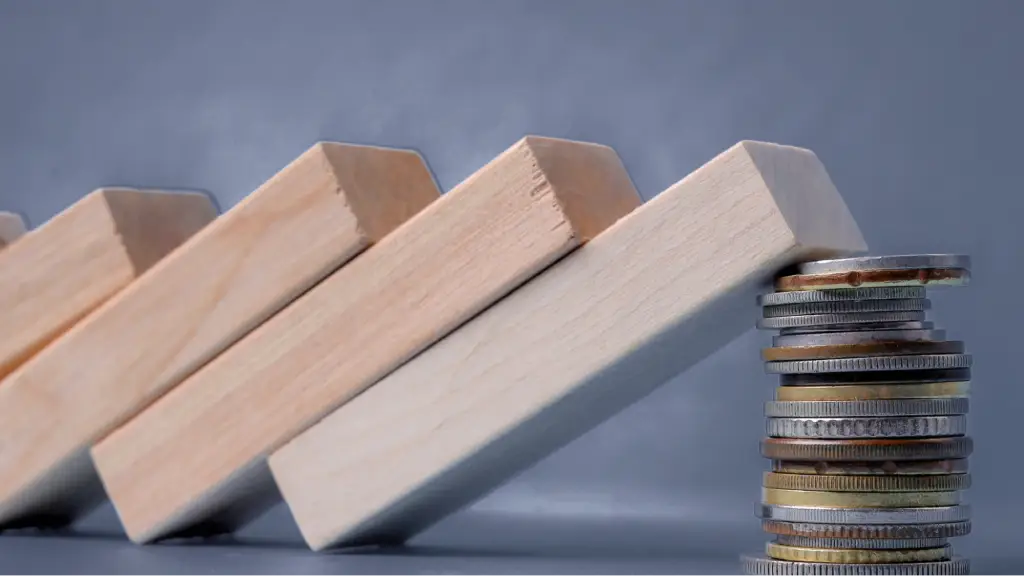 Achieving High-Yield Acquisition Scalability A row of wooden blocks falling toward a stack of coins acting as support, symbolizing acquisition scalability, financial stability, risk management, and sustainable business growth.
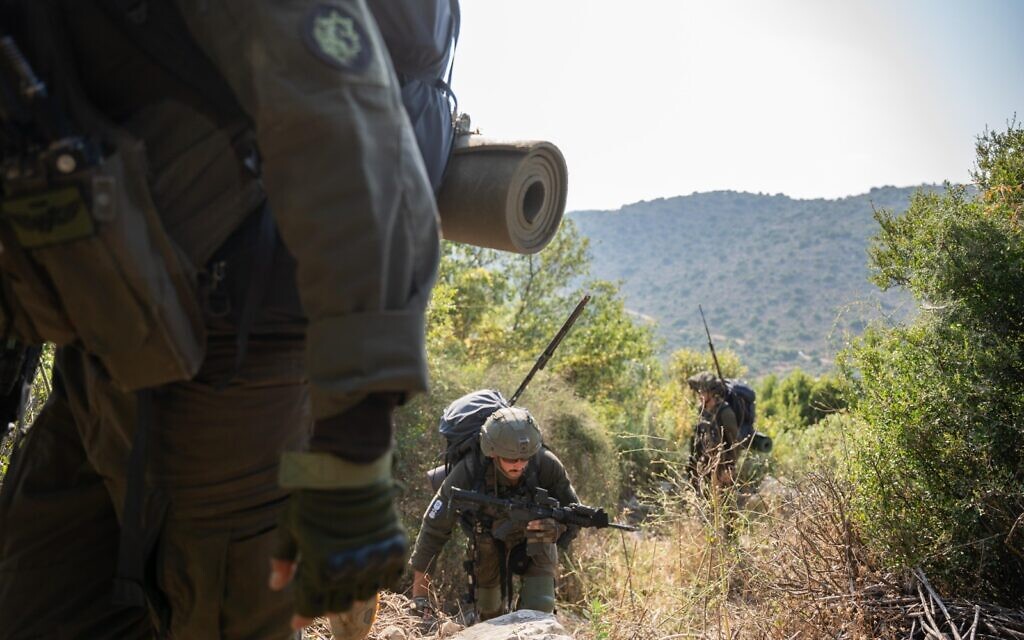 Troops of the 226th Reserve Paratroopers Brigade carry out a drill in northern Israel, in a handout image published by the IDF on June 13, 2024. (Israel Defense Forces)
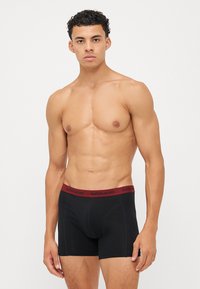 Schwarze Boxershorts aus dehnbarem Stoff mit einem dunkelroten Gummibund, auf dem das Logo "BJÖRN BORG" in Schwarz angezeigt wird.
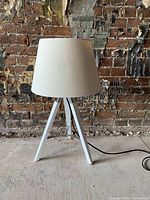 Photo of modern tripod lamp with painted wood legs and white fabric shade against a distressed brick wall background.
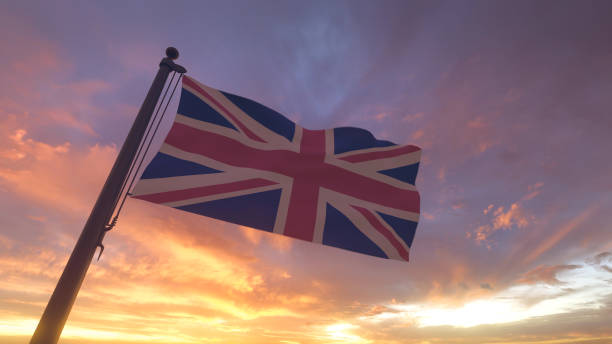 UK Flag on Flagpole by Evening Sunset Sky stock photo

● ● ●

## Exercise requirements:
Nothing but the lines from the one holding "Photo of modern" through the last line of the entries should be written out, exactly and inclusively, minus the pictures.

## Answer to the exercise:
 Photo of modern tripod lamp with painted wood legs and white fabric shade against a distressed brick wall background.
 UK Flag on Flagpole by Evening Sunset Sky stock photo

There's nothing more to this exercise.